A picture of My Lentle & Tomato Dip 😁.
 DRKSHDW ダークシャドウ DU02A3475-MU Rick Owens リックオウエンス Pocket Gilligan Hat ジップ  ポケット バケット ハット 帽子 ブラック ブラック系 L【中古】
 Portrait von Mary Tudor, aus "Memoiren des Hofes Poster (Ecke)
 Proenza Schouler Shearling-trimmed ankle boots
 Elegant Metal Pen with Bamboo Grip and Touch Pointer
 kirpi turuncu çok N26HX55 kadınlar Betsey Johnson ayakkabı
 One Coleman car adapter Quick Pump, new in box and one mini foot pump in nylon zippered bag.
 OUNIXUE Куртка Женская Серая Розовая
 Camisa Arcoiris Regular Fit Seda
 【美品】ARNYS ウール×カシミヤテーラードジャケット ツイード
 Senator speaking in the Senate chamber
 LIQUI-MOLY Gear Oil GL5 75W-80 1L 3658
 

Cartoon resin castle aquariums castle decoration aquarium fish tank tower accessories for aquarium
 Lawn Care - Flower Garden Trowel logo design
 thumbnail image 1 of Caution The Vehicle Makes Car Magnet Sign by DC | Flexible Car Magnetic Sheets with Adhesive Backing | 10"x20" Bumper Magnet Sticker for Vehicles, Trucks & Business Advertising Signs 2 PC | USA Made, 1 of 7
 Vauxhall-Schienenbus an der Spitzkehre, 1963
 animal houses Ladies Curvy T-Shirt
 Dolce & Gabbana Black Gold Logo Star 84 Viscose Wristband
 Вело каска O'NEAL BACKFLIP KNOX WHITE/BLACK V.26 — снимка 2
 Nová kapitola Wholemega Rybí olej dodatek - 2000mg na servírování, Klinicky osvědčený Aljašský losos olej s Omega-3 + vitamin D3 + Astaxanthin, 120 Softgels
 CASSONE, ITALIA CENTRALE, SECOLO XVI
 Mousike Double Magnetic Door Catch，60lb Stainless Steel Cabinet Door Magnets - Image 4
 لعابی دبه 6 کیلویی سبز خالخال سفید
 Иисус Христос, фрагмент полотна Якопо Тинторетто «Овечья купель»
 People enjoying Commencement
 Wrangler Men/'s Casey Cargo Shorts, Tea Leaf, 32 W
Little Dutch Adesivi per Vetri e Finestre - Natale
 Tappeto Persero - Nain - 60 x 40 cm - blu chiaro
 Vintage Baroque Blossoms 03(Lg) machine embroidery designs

## [Work instructions]
The response should consist of all the entries, reproduced word for word.

## [Answer to the exercise]
A picture of My Lentle & Tomato Dip 😁.
 DRKSHDW ダークシャドウ DU02A3475-MU Rick Owens リックオウエンス Pocket Gilligan Hat ジップ  ポケット バケット ハット 帽子 ブラック ブラック系 L【中古】
 Portrait von Mary Tudor, aus "Memoiren des Hofes Poster (Ecke)
 Proenza Schouler Shearling-trimmed ankle boots
 Elegant Metal Pen with Bamboo Grip and Touch Pointer
 kirpi turuncu çok N26HX55 kadınlar Betsey Johnson ayakkabı
 One Coleman car adapter Quick Pump, new in box and one mini foot pump in nylon zippered bag.
 OUNIXUE Куртка Женская Серая Розовая
 Camisa Arcoiris Regular Fit Seda
 【美品】ARNYS ウール×カシミヤテーラードジャケット ツイード
 Senator speaking in the Senate chamber
 LIQUI-MOLY Gear Oil GL5 75W-80 1L 3658
 

Cartoon resin castle aquariums castle decoration aquarium fish tank tower accessories for aquarium
 Lawn Care - Flower Garden Trowel logo design
 thumbnail image 1 of Caution The Vehicle Makes Car Magnet Sign by DC | Flexible Car Magnetic Sheets with Adhesive Backing | 10"x20" Bumper Magnet Sticker for Vehicles, Trucks & Business Advertising Signs 2 PC | USA Made, 1 of 7
 Vauxhall-Schienenbus an der Spitzkehre, 1963
 animal houses Ladies Curvy T-Shirt
 Dolce & Gabbana Black Gold Logo Star 84 Viscose Wristband
 Вело каска O'NEAL BACKFLIP KNOX WHITE/BLACK V.26 — снимка 2
 Nová kapitola Wholemega Rybí olej dodatek - 2000mg na servírování, Klinicky osvědčený Aljašský losos olej s Omega-3 + vitamin D3 + Astaxanthin, 120 Softgels
 CASSONE, ITALIA CENTRALE, SECOLO XVI
 Mousike Double Magnetic Door Catch，60lb Stainless Steel Cabinet Door Magnets - Image 4
 لعابی دبه 6 کیلویی سبز خالخال سفید
 Иисус Христос, фрагмент полотна Якопо Тинторетто «Овечья купель»
 People enjoying Commencement
 Wrangler Men/'s Casey Cargo Shorts, Tea Leaf, 32 W
Little Dutch Adesivi per Vetri e Finestre - Natale
 Tappeto Persero - Nain - 60 x 40 cm - blu chiaro
 Vintage Baroque Blossoms 03(Lg) machine embroidery designs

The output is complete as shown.